◆ **What to do**: Transcribe every entry word for word, but skip the images.

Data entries
== Segment start ==

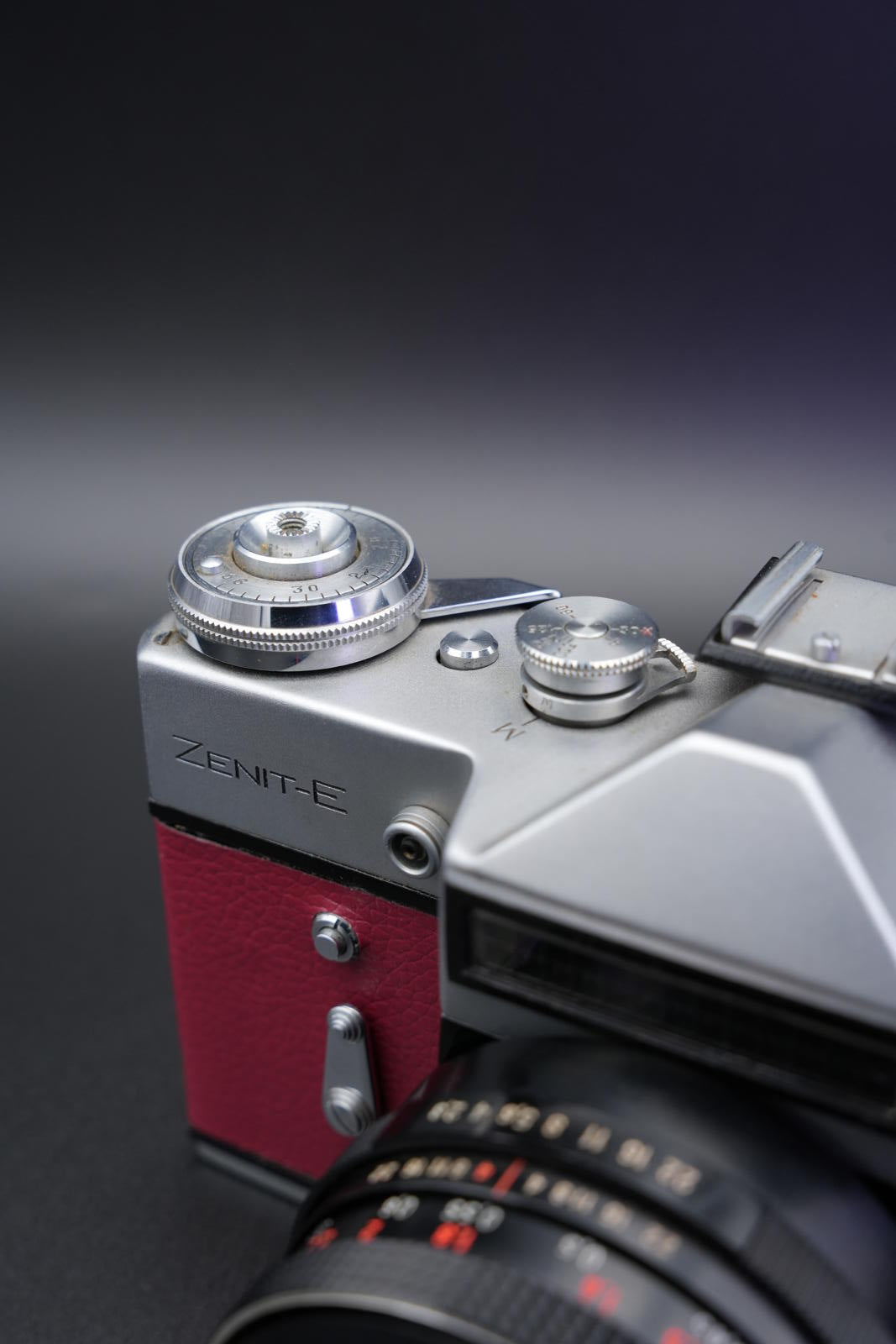 Zenit-E 35mm Vintage 60's Film Camera Faux Burgundy Leather + Zeiss 50mm Working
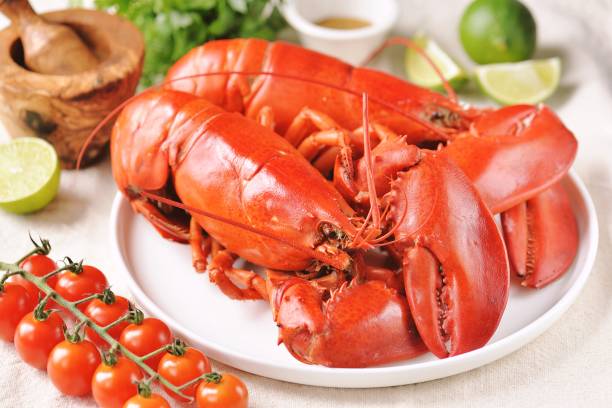 istock Two whole boiled lobsters with spices and lime slices 1721394978
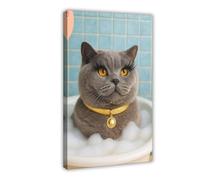 British Shorthair Cat in Bathtub Canvas Poster Bedroom Decor Landscape Office Room Decor Gift 12x18inch(30x45cm)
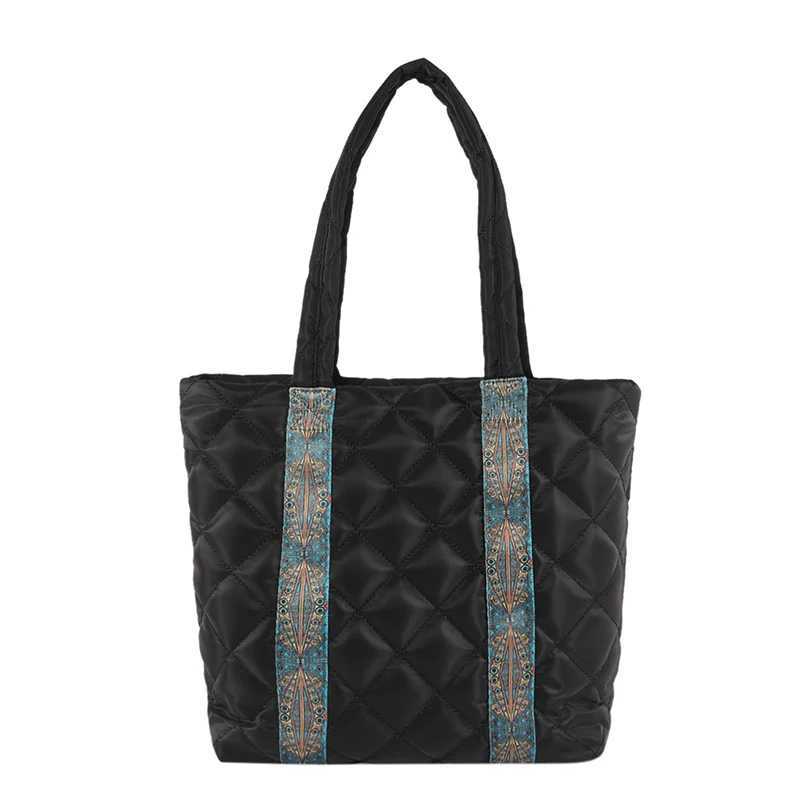 Puffer Tote Bag for Women Quilted Handbag Large Capacity Satchel Purse Work Travel Shop 241025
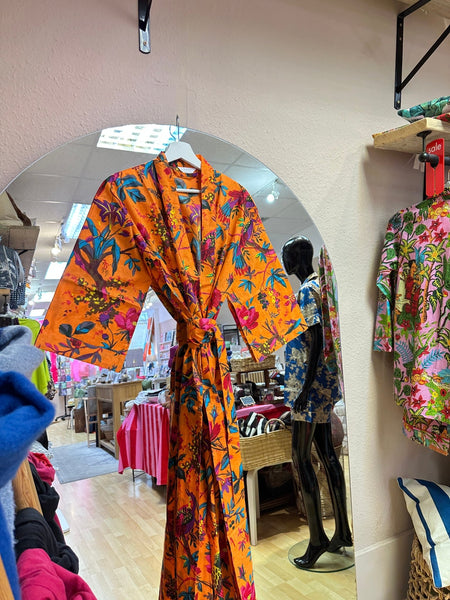 Cotton Kimono - Orange Botanical - Hauslife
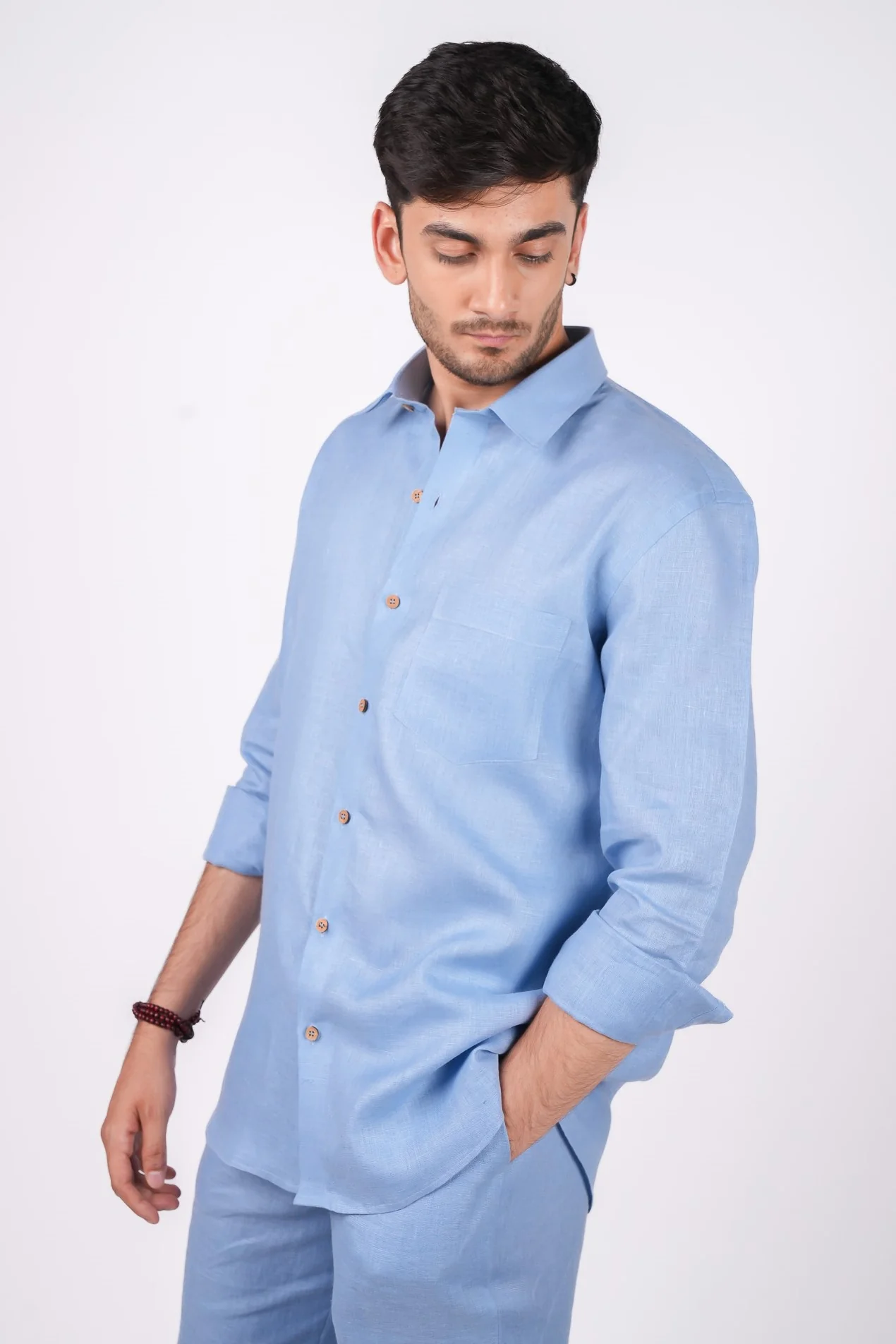 Ocean Blue Linen Shirt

== Segment end ==

◆ **Response to this exercise**:
 Zenit-E 35mm Vintage 60's Film Camera Faux Burgundy Leather + Zeiss 50mm Working
 istock Two whole boiled lobsters with spices and lime slices 1721394978
 British Shorthair Cat in Bathtub Canvas Poster Bedroom Decor Landscape Office Room Decor Gift 12x18inch(30x45cm)
 Puffer Tote Bag for Women Quilted Handbag Large Capacity Satchel Purse Work Travel Shop 241025
 Cotton Kimono - Orange Botanical - Hauslife
 Ocean Blue Linen Shirt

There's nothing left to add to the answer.